_What you will do_. A faithful, picture-free copy of the listing below is required.

_Material provided_.
▼▼▼
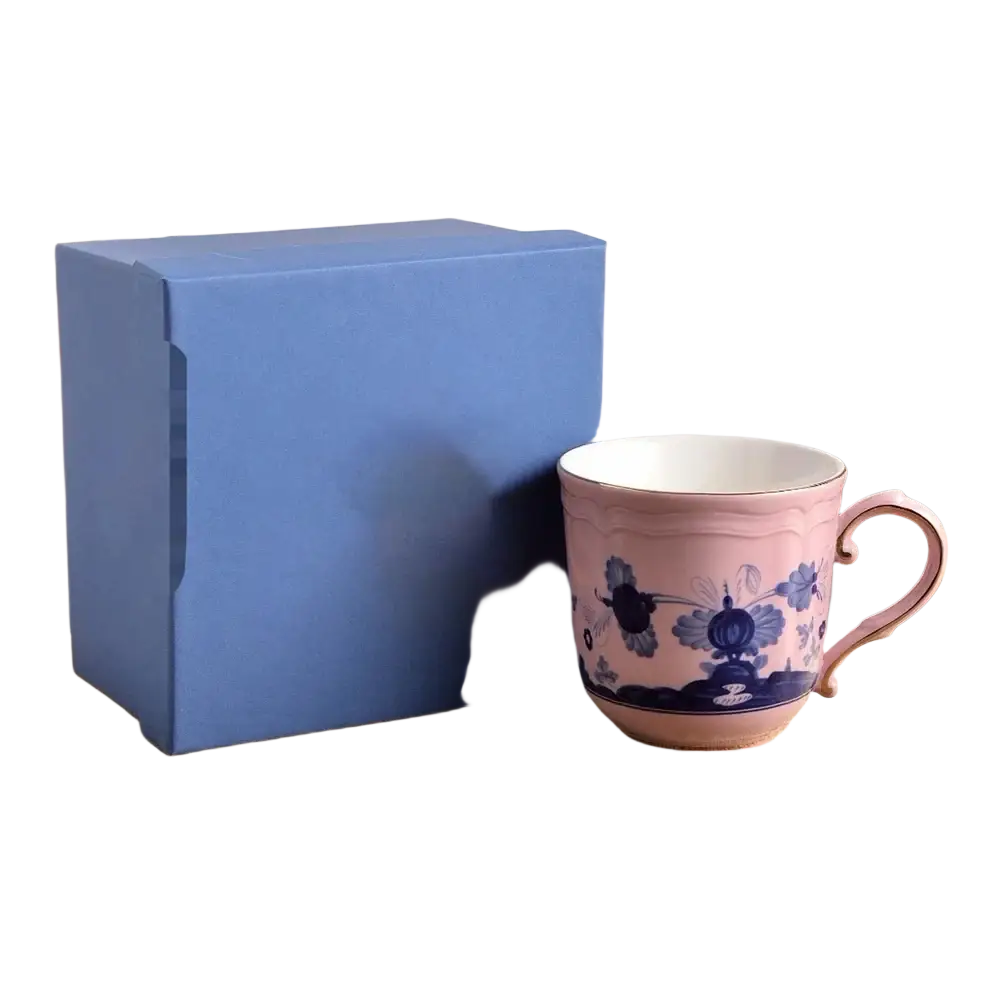 A delicate pink ceramic coffee mug with intricate blue floral patterns and matching handle in a floral tableware set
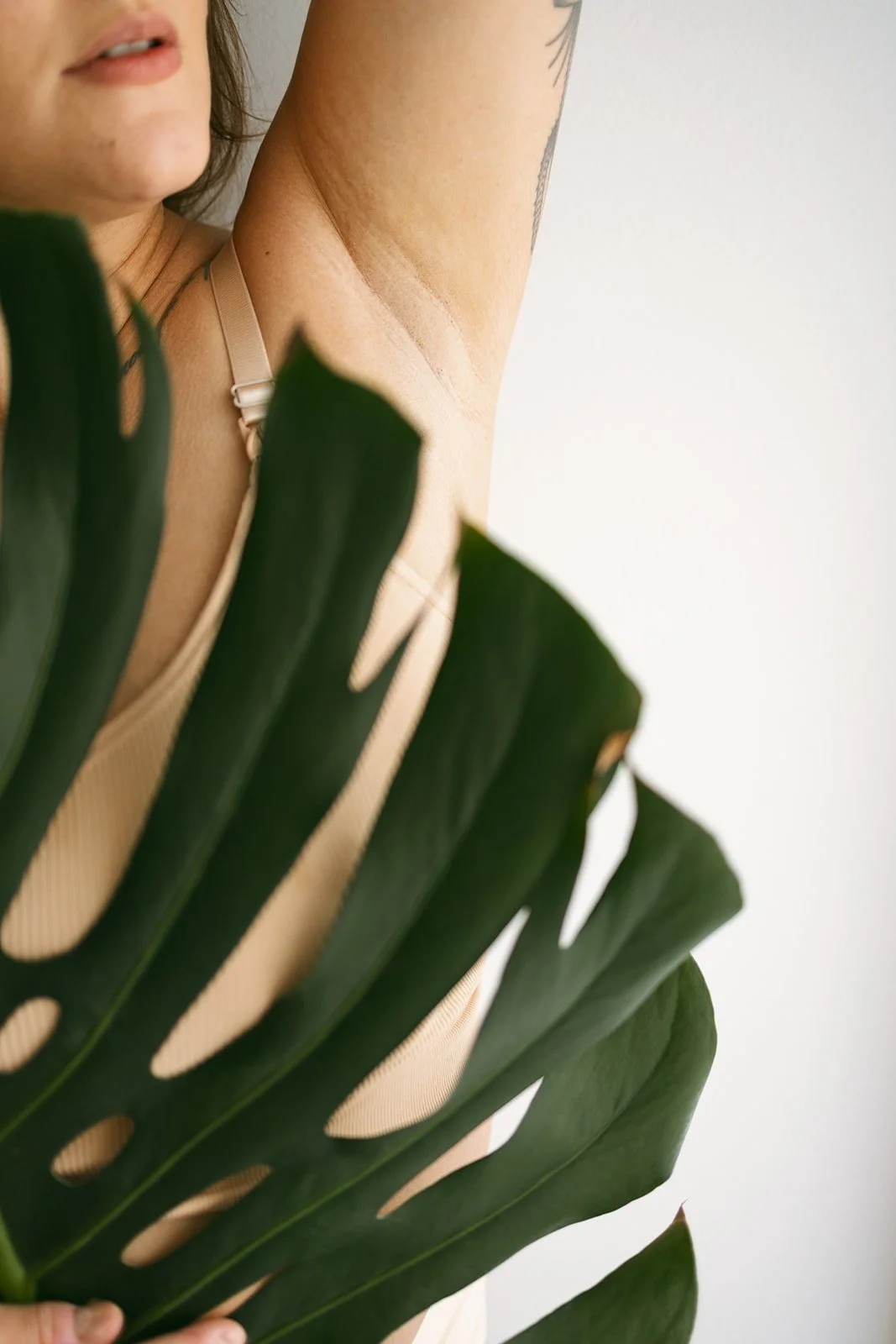A woman with a tattoo under her raised arm, dressed in beige, partially obscured by a large green Monstera leaf, with a neutral background.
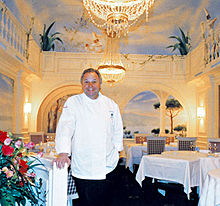 Eckart Witzigmann at the Aubergine in Munich, behind him murals by Rainer Maria Latzke Eckart Witzigmann Aubergine.jpg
▲▲▲
_Reply_.
 A delicate pink ceramic coffee mug with intricate blue floral patterns and matching handle in a floral tableware set
A woman with a tattoo under her raised arm, dressed in beige, partially obscured by a large green Monstera leaf, with a neutral background.
 Eckart Witzigmann at the Aubergine in Munich, behind him murals by Rainer Maria Latzke Eckart Witzigmann Aubergine.jpg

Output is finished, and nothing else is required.